EXERCISE DATA ->
○ ○ ○
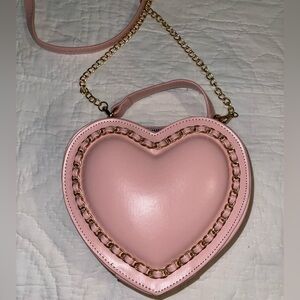 Pale Pink Heart Shaped Crossbody Bag with Chain Border - New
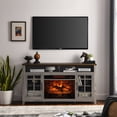 thumbnail image 5 of Electric Fireplace Heater with Remote Control Overheating Protection, Fireplace TV Stand with  Realistic Flame Effect and Timing Function, 55 Inch, Gray Wash, 5 of 8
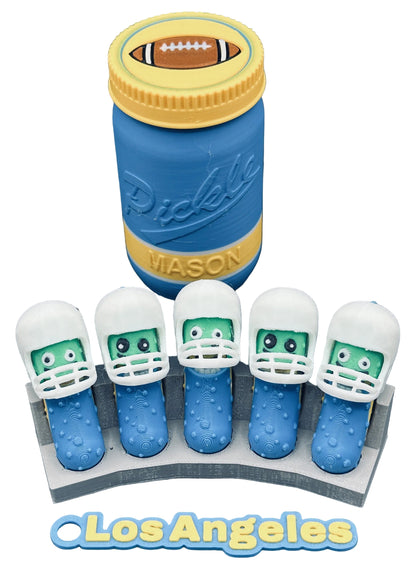 Football City-Inspired Pickle Keychains - 5-Pack Jar - Tickles, the Articulated Pickle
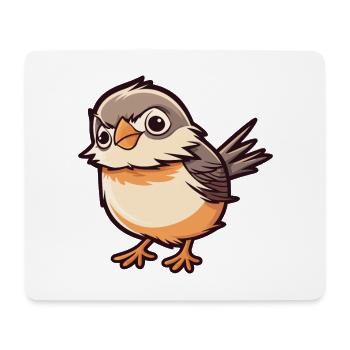 Sparrow Cute Cartoon Kawaii Watercolor Animal Pet - Mouse Pad (horizontal) - white - Front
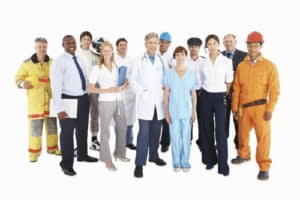 Group of workers of different occupations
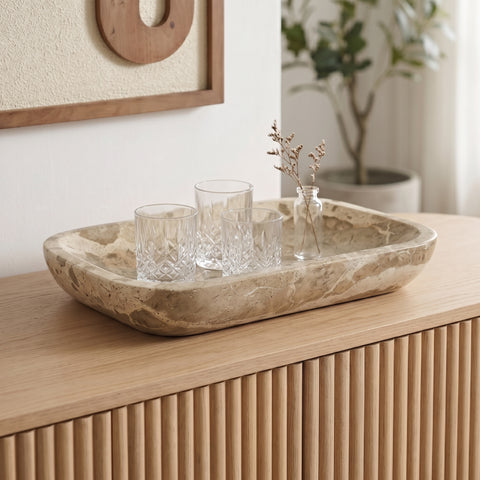 Sage Beige Genuine Marble Tray, 1 Piece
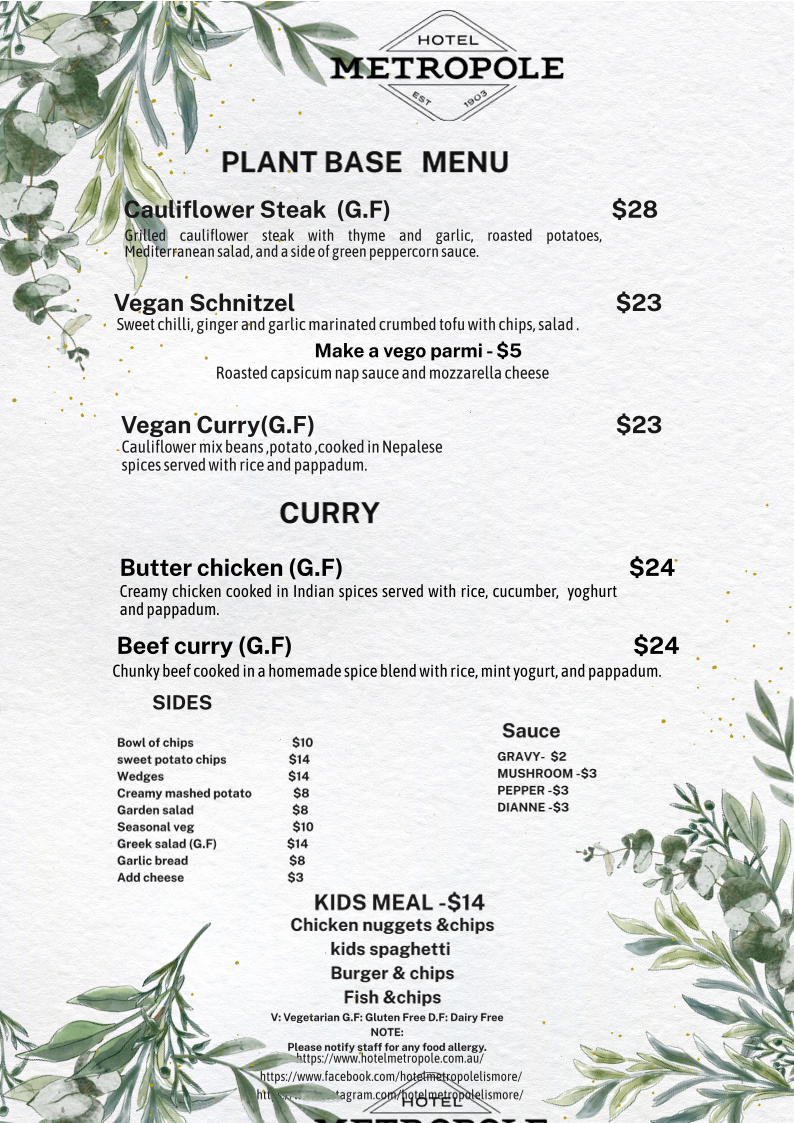 Menu, Hotel Metropole Lismore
○ ○ ○
THE PROBLEM ->
All of the records above should be written out exactly, with the pictures left out.

ANSWER TO THE EXERCISE ->
 Pale Pink Heart Shaped Crossbody Bag with Chain Border - New
 thumbnail image 5 of Electric Fireplace Heater with Remote Control Overheating Protection, Fireplace TV Stand with  Realistic Flame Effect and Timing Function, 55 Inch, Gray Wash, 5 of 8
 Football City-Inspired Pickle Keychains - 5-Pack Jar - Tickles, the Articulated Pickle
 Sparrow Cute Cartoon Kawaii Watercolor Animal Pet - Mouse Pad (horizontal) - white - Front
 Group of workers of different occupations
 Sage Beige Genuine Marble Tray, 1 Piece
 Menu, Hotel Metropole Lismore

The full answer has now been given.